• [Extracted information]
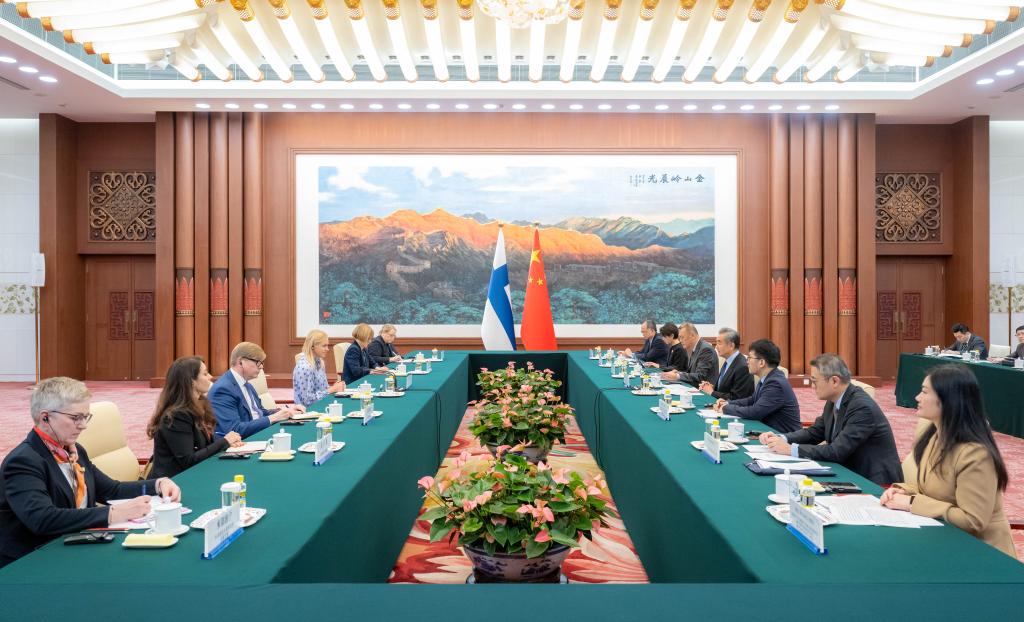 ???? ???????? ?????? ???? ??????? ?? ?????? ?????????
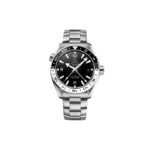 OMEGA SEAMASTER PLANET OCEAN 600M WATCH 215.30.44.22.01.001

---

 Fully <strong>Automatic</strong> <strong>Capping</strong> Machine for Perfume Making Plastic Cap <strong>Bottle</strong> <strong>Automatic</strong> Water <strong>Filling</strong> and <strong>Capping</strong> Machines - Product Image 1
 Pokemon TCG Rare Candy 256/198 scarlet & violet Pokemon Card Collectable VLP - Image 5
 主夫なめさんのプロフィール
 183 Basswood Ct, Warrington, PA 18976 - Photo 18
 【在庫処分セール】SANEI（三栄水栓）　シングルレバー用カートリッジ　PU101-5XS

--

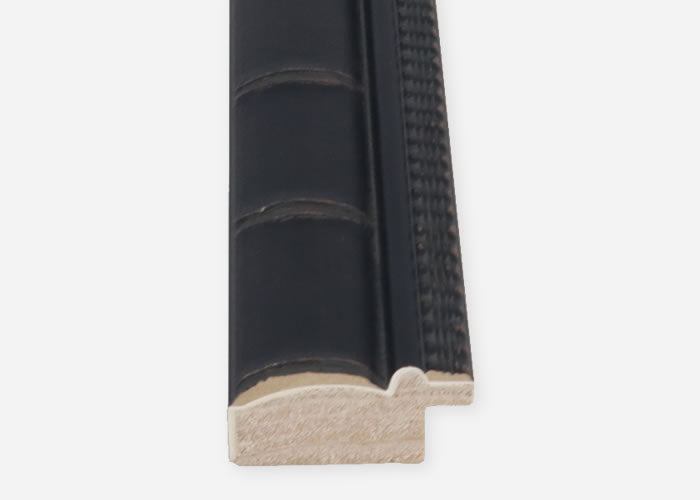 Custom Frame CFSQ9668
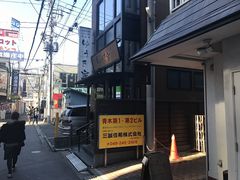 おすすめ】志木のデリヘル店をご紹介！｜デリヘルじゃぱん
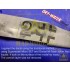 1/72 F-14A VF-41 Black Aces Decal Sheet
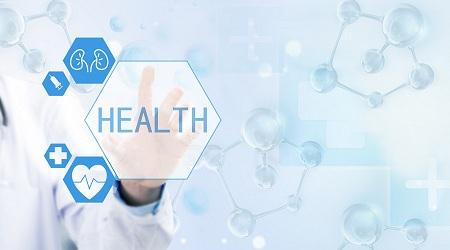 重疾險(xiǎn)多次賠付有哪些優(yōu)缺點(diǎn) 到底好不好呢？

• [Task goal]
Among the entries, copy every line containing the word "Image".

• [Written response]
 Fully <strong>Automatic</strong> <strong>Capping</strong> Machine for Perfume Making Plastic Cap <strong>Bottle</strong> <strong>Automatic</strong> Water <strong>Filling</strong> and <strong>Capping</strong> Machines - Product Image 1
 Pokemon TCG Rare Candy 256/198 scarlet & violet Pokemon Card Collectable VLP - Image 5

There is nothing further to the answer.